For someone who grew up eating borsch, at the mere mention, the phantom smell of it, the intense savory-sour heat, appears immediately, as if a steaming bowl has just been conjured and slid under their very nose.

And I know it’s not just me. Our warmest childhood memories all doubtlessly involve food. The Slavic culinary tradition isn’t lavish or gourmet, it isn’t world-renowned. It doesn’t boast any Michelin stars. Slavic food is humble and homey, comforting, comfortable, nostalgic. This is why it brings back so many memories; we Slavs love to eat, and every get-together involves a food-laden table.

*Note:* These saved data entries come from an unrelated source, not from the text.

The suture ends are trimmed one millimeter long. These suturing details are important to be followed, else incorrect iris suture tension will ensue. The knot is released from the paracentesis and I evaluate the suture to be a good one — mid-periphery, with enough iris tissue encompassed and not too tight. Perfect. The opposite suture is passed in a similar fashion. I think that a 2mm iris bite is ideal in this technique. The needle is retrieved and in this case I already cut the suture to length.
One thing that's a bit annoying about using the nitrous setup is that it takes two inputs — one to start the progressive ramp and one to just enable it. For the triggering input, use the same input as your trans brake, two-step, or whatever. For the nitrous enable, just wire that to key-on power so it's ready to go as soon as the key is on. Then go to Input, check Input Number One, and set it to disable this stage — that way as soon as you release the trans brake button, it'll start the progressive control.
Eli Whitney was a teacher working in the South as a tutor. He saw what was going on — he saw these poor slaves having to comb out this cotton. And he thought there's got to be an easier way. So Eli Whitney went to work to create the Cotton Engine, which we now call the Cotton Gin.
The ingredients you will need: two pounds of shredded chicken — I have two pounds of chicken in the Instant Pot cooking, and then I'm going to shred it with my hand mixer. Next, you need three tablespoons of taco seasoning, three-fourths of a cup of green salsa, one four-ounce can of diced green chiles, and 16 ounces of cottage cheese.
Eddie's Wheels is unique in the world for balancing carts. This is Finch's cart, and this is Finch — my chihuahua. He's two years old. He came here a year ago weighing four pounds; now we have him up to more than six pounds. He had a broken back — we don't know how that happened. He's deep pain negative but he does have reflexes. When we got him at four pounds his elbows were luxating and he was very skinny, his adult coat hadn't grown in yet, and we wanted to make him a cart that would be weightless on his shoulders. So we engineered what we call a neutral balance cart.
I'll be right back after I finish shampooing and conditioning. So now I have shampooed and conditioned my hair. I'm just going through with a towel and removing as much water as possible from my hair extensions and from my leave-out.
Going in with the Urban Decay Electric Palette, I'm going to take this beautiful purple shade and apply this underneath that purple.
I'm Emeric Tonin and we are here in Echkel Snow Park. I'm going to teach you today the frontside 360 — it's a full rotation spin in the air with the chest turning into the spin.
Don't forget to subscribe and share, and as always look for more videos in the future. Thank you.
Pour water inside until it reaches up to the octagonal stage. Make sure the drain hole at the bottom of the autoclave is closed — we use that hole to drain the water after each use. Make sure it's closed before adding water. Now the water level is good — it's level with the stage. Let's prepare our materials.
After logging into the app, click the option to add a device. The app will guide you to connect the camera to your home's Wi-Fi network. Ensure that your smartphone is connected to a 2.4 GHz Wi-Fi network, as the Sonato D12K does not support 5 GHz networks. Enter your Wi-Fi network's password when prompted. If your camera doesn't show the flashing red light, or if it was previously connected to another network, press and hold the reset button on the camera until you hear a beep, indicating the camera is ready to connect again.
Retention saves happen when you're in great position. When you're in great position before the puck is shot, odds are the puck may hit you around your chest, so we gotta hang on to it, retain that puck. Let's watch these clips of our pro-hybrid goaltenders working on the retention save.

We express our love and caring through food. Whether a child is eating enough and whether the food is healthy, and whether they’re getting enough soup in their diet (imperative for a well-functioning digestive system) – these are the perennial worries of fretting parents and grandparents that have turned into inside jokes among the younger generation (but let’s not kid ourselves, this will be our foremost concern one day with our own children). We joke about the kolbasa in our fridge, the semechki, whose shells we’re constantly cracking between our teeth. We drink vodka and chase it with pickles, we snack on slick, salty salmon roe spread on soft white bread, just as our mothers made for us as children, just as we will make for our own brood. We go to our grandparents’ houses for holiday lunches, where we are stuffed full of heartwarmingly familiar dishes: the same olivie, vinegrette and shuba we’ve had at every holiday lunch as far back as our memories go.

And when we are finally ready to go home, our jeans unbuttoned, our lungs unable to fully expand over the fullness of our stomachs, our grandmothers pack up the leftovers and send us on our way, supplied with a week’s worth of the same food we’ve been eating for years, for decades, for centuries. We are connected to our ancestors – our parents and grandparents and great-grandparents, to Peter the Great, to the Cossacks, to serfs, the medieval peasants and the gaunt, bearded Orthodox priests in their black robes, to Kyi, Schek, Horkyv and Lybid, who stopped their ship along the Dnieper shore and called that spot home – to the founding of our civilization, we are connected through the food we eat, through the food we will continue to feed our kids even as we pass into an otherwise unrecognizable future.

This is why we hold our cuisine so dear. Because it serves as a symbol for who we are, a neat and hearty package to describe the indescribable: the shifting, complex nature of identity.

Inevitably, our children will grow up different from us, shaped by an unfamiliar time and place into someone independent and alien. But the kolbasa in their fridge and the olivie on their holiday table will be there, and through them, they will remain always just the same as us.